Reading object from file currently processed in RDataFrame

cgrefe · June 20, 2025, 9:23am

Hi,

I would like to know if it is possible to dynamically access objects from the files currently being processed by the RDataFrame event loop. In particular, I would like to read the bin content of a histogram from the same file which holds the TTree, define the value as a column using DefinePerSample and use that column as a weight to scale a histogram I am filling.

I found the topic “root-forum.cern.ch/t/define-new-rdataframe-column-using-values-from-th1f-in-pyroot/34052” (can’t add links as new user…), but that explicitly opens a separate file to load the histogram beforehand. That is not really an option (or just adds a lot of overhead I/O) when processing a lot of files.

Cheers,
Christian

ROOT Version: 6.34.04
Platform: x86_64
Compiler: gcc13

vpadulan · June 20, 2025, 12:05pm

Dear @cgrefe,

Thank you for reaching out to the ROOT forum!
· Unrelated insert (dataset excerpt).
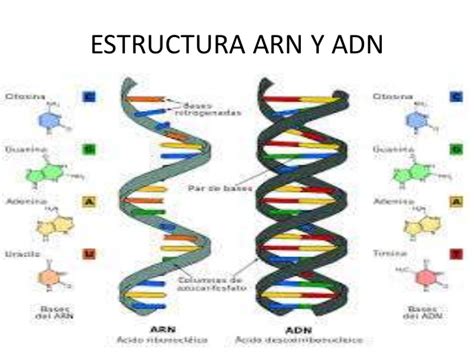 Cuadro Comparativo Entre Adn Y Arn Cuadro Comparativo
The use case you are presenting is intriguing. If I understand correctly, you would like to have an interface that lets you access at the same time any arbitrary content in a ROOT file, during the event loop while processing a ROOT dataset (either TTree or RNTuple). I must admit this is the first time I hear about such requirement, and I would really like to understand better what is the motivation driving it. On the surface, the forum post you link to seems to be the most effective answer that provides little overhead, while at the same time keeping a good balance between the usability and the functionality of the interface. I don’t really understand your comment about I/O overhead, since anyway reading two different objects from the ROOT file will happen independently. Also, keep in mind that RDataFrame is an interface for analysis/processing of datasets, so it is designed to mainly wrap an existing dataset, and we support plenty of formats (TTree, RNTuple, Arrow, SQLite, Awkward arrays, Numpy arrays, Pandas dataframes, CSV files etc.).

Cheers,
Vincenzo

cgrefe · June 20, 2025, 12:28pm

Hi Vincenzo,

the overhead is not significant if it is a small number of files available locally. I am more worried about the case of hundreds or even thousands of files to process, which might be stored on some remote storage (i.e. EOS). So just opening each file to pre-fetch the metadata before even starting the event loop can be significant. Anyway, the workaround is probably to store such information as an additional column or a friend tree instead of a histogram. I just wanted to be sure that this feature does not exist before changing the workflow in that direction.

Cheers,
Christian

system · July 4, 2025, 12:28pm

This topic was automatically closed 14 days after the last reply. New replies are no longer allowed.